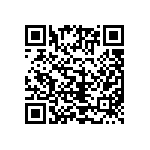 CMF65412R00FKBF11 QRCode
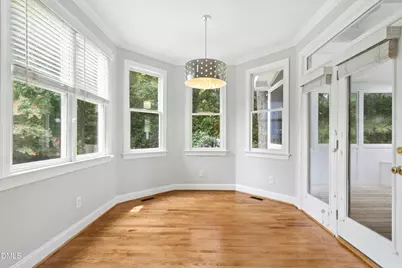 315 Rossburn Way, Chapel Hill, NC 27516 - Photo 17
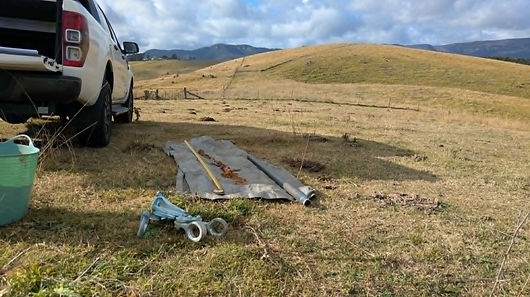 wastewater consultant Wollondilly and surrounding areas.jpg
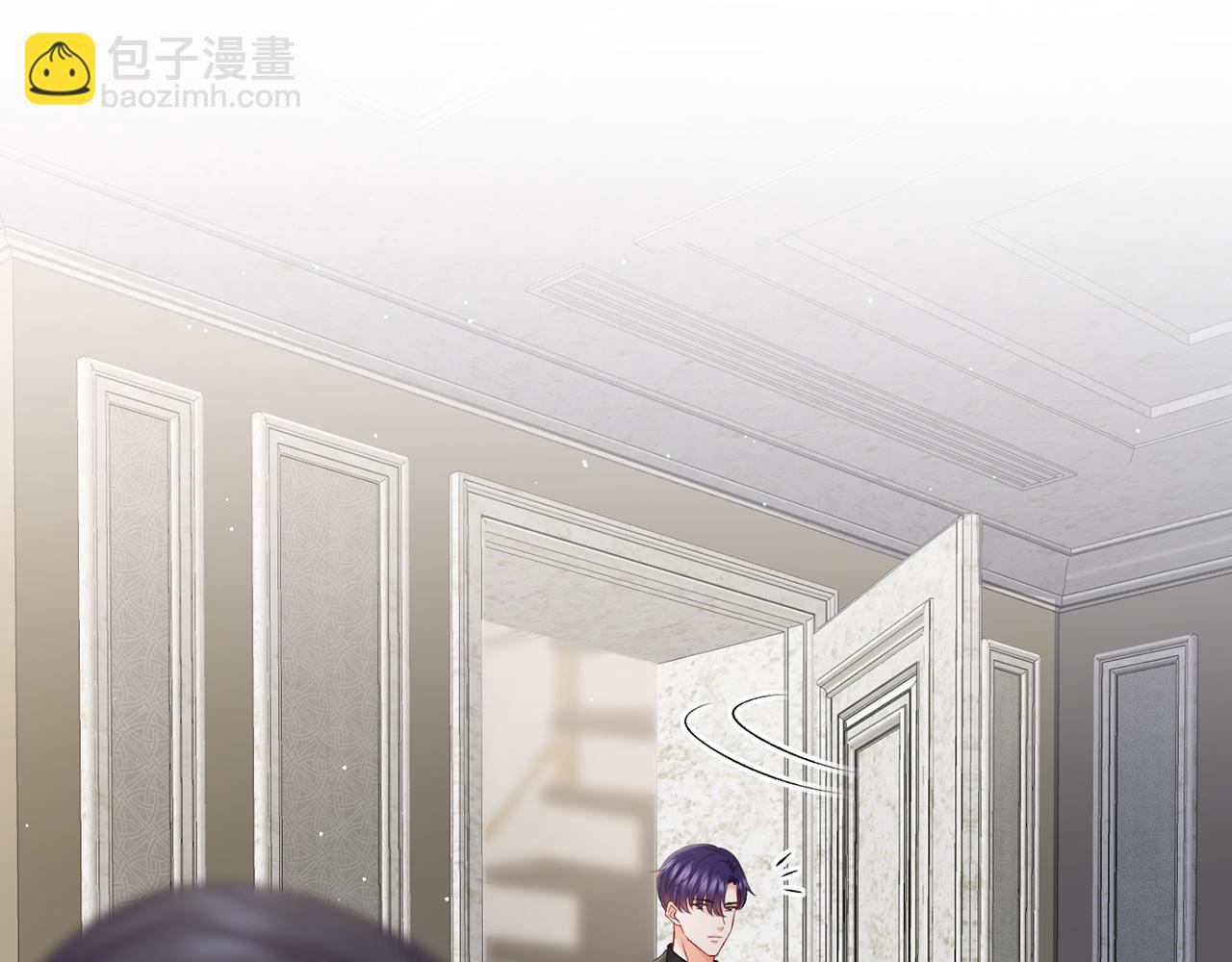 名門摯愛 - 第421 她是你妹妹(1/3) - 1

Work item: Could you return the whole listing exactly, with every picture removed?

Answer below:
 CMF65412R00FKBF11 QRCode
 315 Rossburn Way, Chapel Hill, NC 27516 - Photo 17
 wastewater consultant Wollondilly and surrounding areas.jpg
 名門摯愛 - 第421 她是你妹妹(1/3) - 1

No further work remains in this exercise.